COOPER ON COMPREHENSIVE SCHOOLS

“I went to a comprehensive. There are some great comprehensives, some great education.

“I think most people want a good local school so the key thing is what can you do to make sure all schools can be good schools. I think a lot of work that the Labour government did to raise standards in schools was hugely important. And to do that in a way that people can rely on their own local school improving rather than feeling that the only way is a sort of travel long distances, I think it’s hugely important.

“It’s important to raise standards across the board. What’s happened in Pontefract in my constituency is they have got two comprehensives that are now working closely together, got a really good relationship, they both decided not to go down the academy route but to become these two comprehensives working together in a way that actually would have been harder for them in that route . They were good performing ones, but now they’ve improved and got better."

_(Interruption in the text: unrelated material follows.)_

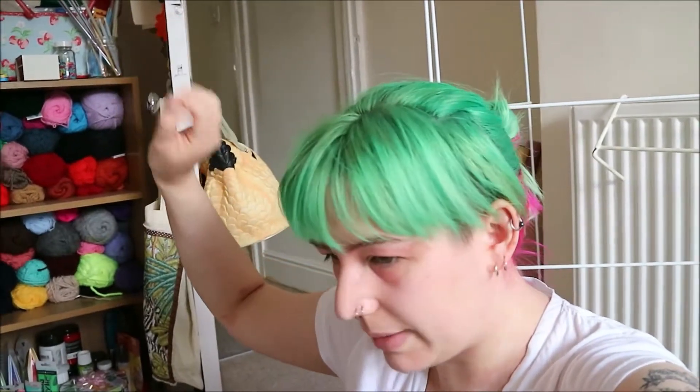I'm going to pack up and potter about a little bit. I thought I would show what I'm going to take with me.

“There’s a whole series of academies in East London that have done great jobs. Some of it has now become a bit confused what people are actually mean by it because the Labour Government had been very different.”

 

COOPER ON IMMIGRATION CAPS

"I think it is more sensible to get a wider debate on the kinds of things that the public are actually concerned about.  They are more concerned about, for example, the impact on the job market, than students for example. And at the moment the government has a bigger focus on students than it has on the job market.  Those are the kind of things that we want to discuss in the next couple of years as part of our policy process.”

 

COOPER ON TWITTER and her infamous ‘hhhhhghhghhhhghghghghgh’ Tweet.

“I was on Twitter on a train and I suddenly thought ‘Oh my god I’ve left my car at Doncaster this week'. So I just shove everything in my bag, charge off, literally tumble off the train just as the doors are closing. I get into my car, deep breath, check my Blackberry, check my phone.. And suddenly I’ve got multiple retweets. Someone said it’s the most sense I’ve heard from a politician in years!”